Data for analysis:
★ ★ ★ ★
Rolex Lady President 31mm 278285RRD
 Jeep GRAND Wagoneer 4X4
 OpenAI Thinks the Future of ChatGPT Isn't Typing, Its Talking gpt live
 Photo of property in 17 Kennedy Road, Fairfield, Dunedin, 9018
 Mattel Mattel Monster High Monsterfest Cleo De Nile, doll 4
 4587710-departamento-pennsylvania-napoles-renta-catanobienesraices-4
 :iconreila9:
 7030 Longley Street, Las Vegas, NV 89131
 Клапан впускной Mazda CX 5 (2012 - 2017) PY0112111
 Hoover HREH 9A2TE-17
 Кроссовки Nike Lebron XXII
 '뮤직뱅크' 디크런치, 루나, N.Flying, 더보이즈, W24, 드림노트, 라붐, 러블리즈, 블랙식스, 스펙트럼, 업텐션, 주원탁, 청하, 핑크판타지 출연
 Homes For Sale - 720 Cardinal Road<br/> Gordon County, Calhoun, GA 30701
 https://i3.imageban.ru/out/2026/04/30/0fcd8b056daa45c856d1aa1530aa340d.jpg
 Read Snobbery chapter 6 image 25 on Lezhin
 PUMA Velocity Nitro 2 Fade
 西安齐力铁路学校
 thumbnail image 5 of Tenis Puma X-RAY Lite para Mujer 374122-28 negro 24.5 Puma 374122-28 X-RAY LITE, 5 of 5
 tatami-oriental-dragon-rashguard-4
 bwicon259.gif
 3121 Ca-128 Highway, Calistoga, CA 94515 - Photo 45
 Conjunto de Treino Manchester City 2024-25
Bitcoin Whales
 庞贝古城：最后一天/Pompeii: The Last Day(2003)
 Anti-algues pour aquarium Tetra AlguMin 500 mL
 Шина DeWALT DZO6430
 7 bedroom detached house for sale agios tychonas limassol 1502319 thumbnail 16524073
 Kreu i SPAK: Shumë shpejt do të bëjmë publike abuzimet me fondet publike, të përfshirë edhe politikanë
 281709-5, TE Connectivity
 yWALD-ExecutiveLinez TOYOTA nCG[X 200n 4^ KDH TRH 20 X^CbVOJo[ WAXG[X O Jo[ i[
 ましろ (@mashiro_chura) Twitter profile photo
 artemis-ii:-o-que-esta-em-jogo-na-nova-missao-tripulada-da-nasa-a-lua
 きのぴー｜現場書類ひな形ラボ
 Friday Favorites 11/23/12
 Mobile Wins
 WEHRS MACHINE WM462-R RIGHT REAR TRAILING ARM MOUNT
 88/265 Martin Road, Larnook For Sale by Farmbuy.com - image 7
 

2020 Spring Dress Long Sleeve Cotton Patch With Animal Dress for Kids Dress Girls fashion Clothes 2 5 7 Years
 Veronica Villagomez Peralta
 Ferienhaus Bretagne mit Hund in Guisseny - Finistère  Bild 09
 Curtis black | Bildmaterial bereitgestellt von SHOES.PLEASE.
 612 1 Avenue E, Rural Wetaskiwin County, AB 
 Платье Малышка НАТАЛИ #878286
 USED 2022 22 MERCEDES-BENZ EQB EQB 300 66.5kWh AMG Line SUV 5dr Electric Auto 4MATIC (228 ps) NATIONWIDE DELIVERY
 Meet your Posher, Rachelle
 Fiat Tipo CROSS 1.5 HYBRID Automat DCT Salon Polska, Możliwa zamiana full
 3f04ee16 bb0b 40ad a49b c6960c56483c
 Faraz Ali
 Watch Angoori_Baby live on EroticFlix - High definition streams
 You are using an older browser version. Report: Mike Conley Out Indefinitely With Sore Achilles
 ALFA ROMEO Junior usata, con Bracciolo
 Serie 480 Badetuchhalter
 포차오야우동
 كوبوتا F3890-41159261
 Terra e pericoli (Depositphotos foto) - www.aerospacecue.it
★ ★ ★ ★
Repeat exactly the lines that run from the opening of the listing through the line holding "88/265 Martin Road, Larnook". Leave out everything else.

Expected answer:
Rolex Lady President 31mm 278285RRD
 Jeep GRAND Wagoneer 4X4
 OpenAI Thinks the Future of ChatGPT Isn't Typing, Its Talking gpt live
 Photo of property in 17 Kennedy Road, Fairfield, Dunedin, 9018
 Mattel Mattel Monster High Monsterfest Cleo De Nile, doll 4
 4587710-departamento-pennsylvania-napoles-renta-catanobienesraices-4
 :iconreila9:
 7030 Longley Street, Las Vegas, NV 89131
 Клапан впускной Mazda CX 5 (2012 - 2017) PY0112111
 Hoover HREH 9A2TE-17
 Кроссовки Nike Lebron XXII
 '뮤직뱅크' 디크런치, 루나, N.Flying, 더보이즈, W24, 드림노트, 라붐, 러블리즈, 블랙식스, 스펙트럼, 업텐션, 주원탁, 청하, 핑크판타지 출연
 Homes For Sale - 720 Cardinal Road<br/> Gordon County, Calhoun, GA 30701
 https://i3.imageban.ru/out/2026/04/30/0fcd8b056daa45c856d1aa1530aa340d.jpg
 Read Snobbery chapter 6 image 25 on Lezhin
 PUMA Velocity Nitro 2 Fade
 西安齐力铁路学校
 thumbnail image 5 of Tenis Puma X-RAY Lite para Mujer 374122-28 negro 24.5 Puma 374122-28 X-RAY LITE, 5 of 5
 tatami-oriental-dragon-rashguard-4
 bwicon259.gif
 3121 Ca-128 Highway, Calistoga, CA 94515 - Photo 45
 Conjunto de Treino Manchester City 2024-25
Bitcoin Whales
 庞贝古城：最后一天/Pompeii: The Last Day(2003)
 Anti-algues pour aquarium Tetra AlguMin 500 mL
 Шина DeWALT DZO6430
 7 bedroom detached house for sale agios tychonas limassol 1502319 thumbnail 16524073
 Kreu i SPAK: Shumë shpejt do të bëjmë publike abuzimet me fondet publike, të përfshirë edhe politikanë
 281709-5, TE Connectivity
 yWALD-ExecutiveLinez TOYOTA nCG[X 200n 4^ KDH TRH 20 X^CbVOJo[ WAXG[X O Jo[ i[
 ましろ (@mashiro_chura) Twitter profile photo
 artemis-ii:-o-que-esta-em-jogo-na-nova-missao-tripulada-da-nasa-a-lua
 きのぴー｜現場書類ひな形ラボ
 Friday Favorites 11/23/12
 Mobile Wins
 WEHRS MACHINE WM462-R RIGHT REAR TRAILING ARM MOUNT
 88/265 Martin Road, Larnook For Sale by Farmbuy.com - image 7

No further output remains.